Vient ensuite  Eduardo Elsztain, le magnat sioniste argentin surnommé "le Juif le plus riche d'Amérique du Sud", dont l'empire a été bâti grâce à une  injection initiale de 10 millions de dollars de George Soros en 1990, et qui englobe IRSA (géant de l'immobilier),  Cresud (géant de l'agroalimentaire dont l'élevage bovin est lié à la déforestation dans le Gran Chaco), ainsi que d'immenses propriétés personnelles de plus de 100 000 hectares près de San Carlos de Bariloche en Patagonie, sans compter des participations dans des entreprises brésiliennes et américaines.
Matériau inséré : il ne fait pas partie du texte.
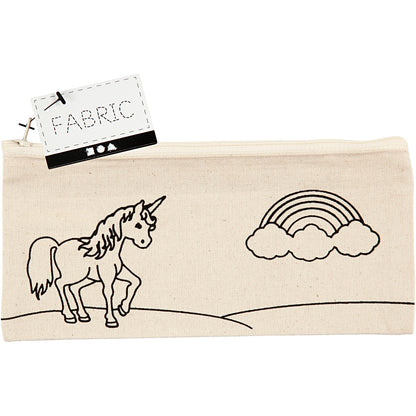 Pencil case, unicorn, size 21x9 cm, 245 g, light natural, 1 pc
Fervent adepte du Chabad-Lubavitch et ayant de la famille en Israël, Elsztain a occupé le poste de trésorier du Congrès juif mondial (soutenu par des poids lourds sionistes tels qu'Edgar Bronfman et Michael Steinhardt), détient une participation majoritaire dans le conglomérat israélien IDB (actifs de 35 milliards de dollars, couvrant les télécommunications, les supermarchés et l'assurance), et sert de liaison entre Milei et les réseaux juifs orthodoxes. Ses accaparements de terres, notamment cinq puits géants dans la région de Mendoza frappée par la sécheresse offerts par Milei, ont alimenté les théories de colonisation sioniste,  ses détracteurs l'accusant de transformer la Patagonie en zone d'extraction de ressources pour les élites mondiales.

Eduardo Elsztain.

Joe Lewis, le milliardaire britannique aux  liens obscurs avec des spéculateurs monétaires comme Soros (via des transactions des années 1990 qui ont ruiné des économies), complète ce cercle. Son domaine  Lago Escondido empêche non seulement l'accès aux populations autochtones et au public, mais accueille également des retraites d'élite pour juges, magnats des médias et politiciens, brouillant ainsi les frontières entre le monde des affaires et l'État. Le domaine fonctionne comme une enclave privatisée de facto que les habitants et les militants qualifient depuis longtemps d'"État parallèle" échappant à la loi argentine. Acquis par le biais d'achats prétendument irréguliers à partir des années 1990 (via des sociétés comme Hidden Lake S.A.), le terrain se trouve dans une "zone de sécurité frontalière" à accès restreint où la propriété étrangère est interdite en vertu de la loi argentine sur la défense nationale. Pourtant, Lewis a été autorisé à le clôturer, à y construire un immense manoir, un aéroport privé (non surveillé par l'État), un héliport, des centrales électriques, des terrains de foot, des écuries et bien plus encore, bloquant l'accès public au lac malgré plus de 25 décisions de justice (depuis 2005) ordonnant l'ouverture des routes. Ce qui distingue Lewis, c'est son recours présumé à une sécurité privée agressive, décrite dans de multiples  rapports d'enquête comme une "armée privée" ou des gangs organisés pour faire respecter le blocus et repousser les intrus. Bien qu'il ne soit pas ouvertement sioniste dans les médias grand public, on l'y associer par le biais de son héritage juif et de son "État parallèle" en Patagonie, où il a accueilli nombre de sionistes et attisé les craintes d'accaparement des terres en 2025, attribuées à des incendies criminels visant à dévaloriser les propriétés pour les acheter à bas prix. Ces magnats sont plus que de simples investisseurs, ils sont l'avant-garde d'une prise de contrôle, transformant le sud de l'Argentine en un avant-poste sioniste privatisé.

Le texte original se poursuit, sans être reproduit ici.